Many of you substantially changed your working patterns during the first wave of the pandemic. The rapid need to revise rotas and ways of working meant that changes often were brought in with very limited discussion. Unfortunately, this meant that for many of you these changes were neither explicitly agreed with you nor adequately remunerated.
NHS board employers do not have the same excuses this time round. We have tried repeatedly over the last few months, at both national and local level, to reach agreements on appropriate arrangements for those who are asked to substantially change your working patterns at short notice.
This has been a slow process, with most NHS boards yet to agree a deal, requiring us to develop this guidance on how to ensure you are treated fairly.
Agreement to vary job plan
Some departments may attempt to simply reissue previous 'COVID emergency' rotas with an expectation that you will once again adhere to these without question. This is not acceptable.
All your existing T&Cs (terms and conditions of service) remain in place at all times. Any changes to your working patterns can only be through the established job planning process. This includes the mediation and appeals processes where necessary. Temporary changes to your working patterns require your explicit agreement.
Discussing temporary changes
We recommend that any temporary changes proposed by management are discussed by you and your colleagues as a whole team. You should consider elements such as:
- how to flex emergency cover in the case of a local outbreak
- if high numbers of staff are self-isolating or shielding
- what elective work has to be dropped or must continue
- how to arrange staffing to meet those demands.
However, while team discussion and service planning will make individual changes easier to agree, this does not compel you to agree to revised arrangements for you. The status quo position of your last agreed job plan will be the default position if changes cannot be agreed.
The T&Cs require a job plan review and agreement on any changes before any changes to working patterns are implemented. All the T&Cs provisions, including the mediation and appeal processes, continue to apply at all times.
Remuneration and pay
The existing T&Cs for consultants and SAS doctors were not designed with shift-working in mind, and did not cover the substantial changes asked of many career grade staff at the start of this emergency.
A national approach
We proposed a temporary national solution to Scottish Government where substantial disruption to normal working patterns (for example, a move to overnight shift working) would be adequately remunerated.
This meant all out of hours worked between 8pm and 8am for consultants, or 7pm and 7am for SAS doctors, would be temporarily paid at a two hour PA rate (double time).
We believe that this is a reasonable approach.
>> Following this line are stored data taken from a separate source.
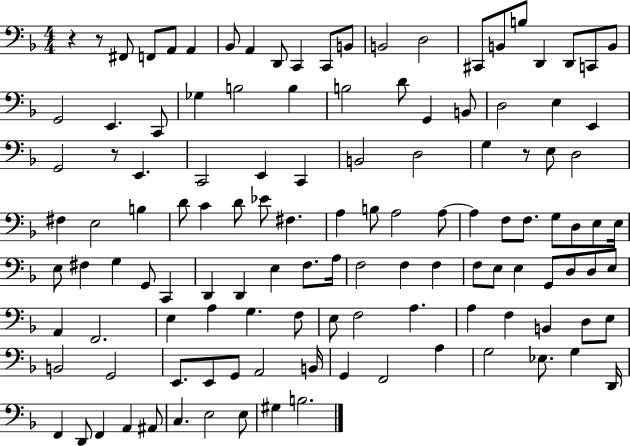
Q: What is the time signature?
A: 4/4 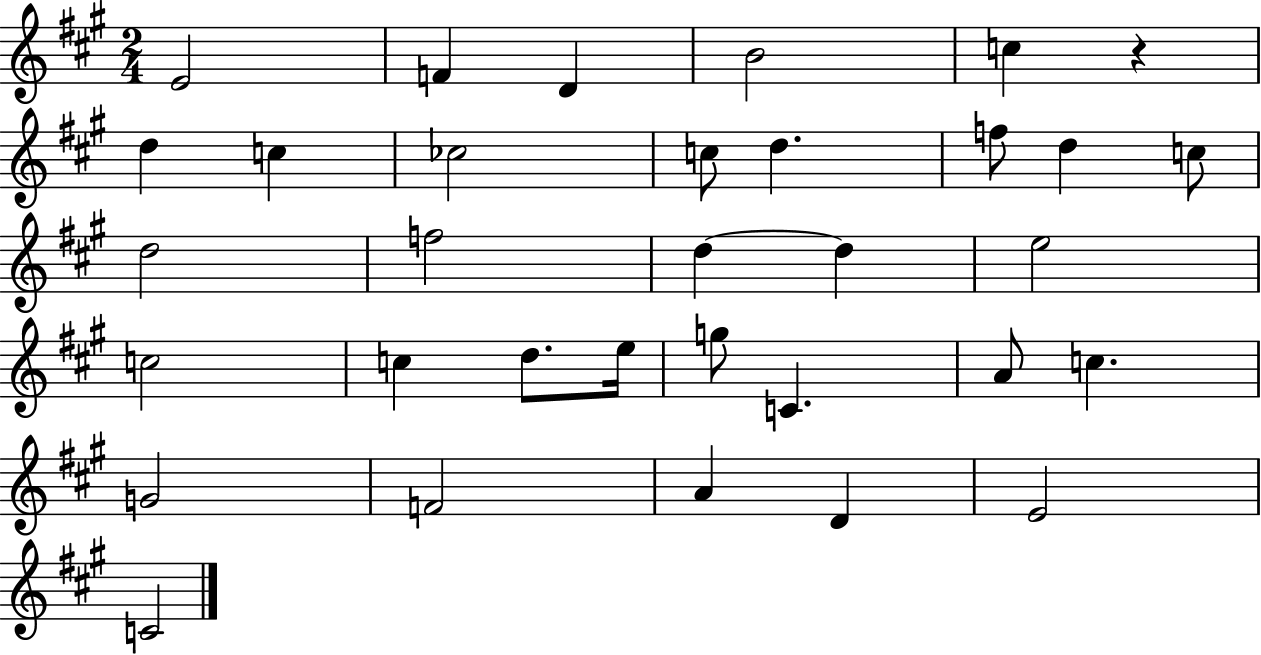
{
  \clef treble
  \numericTimeSignature
  \time 2/4
  \key a \major
  e'2 | f'4 d'4 | b'2 | c''4 r4 | \break d''4 c''4 | ces''2 | c''8 d''4. | f''8 d''4 c''8 | \break d''2 | f''2 | d''4~~ d''4 | e''2 | \break c''2 | c''4 d''8. e''16 | g''8 c'4. | a'8 c''4. | \break g'2 | f'2 | a'4 d'4 | e'2 | \break c'2 | \bar "|."
} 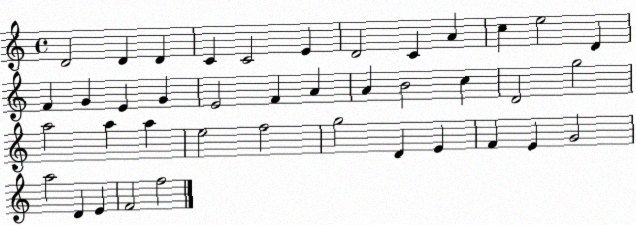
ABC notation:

X:1
T:Untitled
M:4/4
L:1/4
K:C
D2 D D C C2 E D2 C A c e2 D F G E G E2 F A A B2 c D2 g2 a2 a a e2 f2 g2 D E F E G2 a2 D E F2 f2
It reflects the intensity of the work and level of disruption to work-life balance caused by such working patterns. It also reflects the local arrangements in place pre-COVID across a number of specialties in several NHS boards across Scotland where shift working had already been introduced.
However, despite our best efforts to reach agreement, our proposal was rejected in the summer. Instead Scottish Government indicated that local agreements should be reached.
BMA local negotiating committees have been engaging with NHS board management to try to reach these local agreements. NHS Ayrshire and Arran has now implemented an agreement that is largely based on our proposal to Scottish Government, and we remain hopeful that others will follow.
It is important that any 'ad hoc' additional hours are remunerated and the rate for this has to be agreed with you. While there are agreed rates in the T&Cs for consultants for both resident on-call and waiting list initiative work, they do not have other rates for additional work which do not fit under these provisions.
There may be established local arrangements in place where you work, or your board may offer bank rates, but you are under no obligation to take on these additional hours.
If the additional work being offered meets the definition of resident on-call or waiting list initiative work then you should be paid the appropriate rate.
Agree in writing
You should agree (ideally in writing) the remuneration in advance of agreeing to any additional hours or temporary working patterns that vary from your agreed job plan.
All NHS boards are expected to have a local agreement with the LNC which provides enhanced rates for consultants undertaking 'resident on-call' work.
In some boards these arrangements may also apply to SAS doctors undertaking the same work. If you believe that the work you are being asked to do falls into this category, then you should agree payment at the locally agreed rate in advance of doing the work.
If you are a SAS doctor and are asked to ‘act up’ to a higher level of responsibility, you should be remunerated in line with the grade at which you are working and level of work undertaken.
Returning to your usual job plan
We issued joint guidance with Scottish Government and NHS Scotland employers in September 2020 which makes it absolutely clear that individual job plans in place prior to the emergency short term changes required by the COVID pandemic remain extant.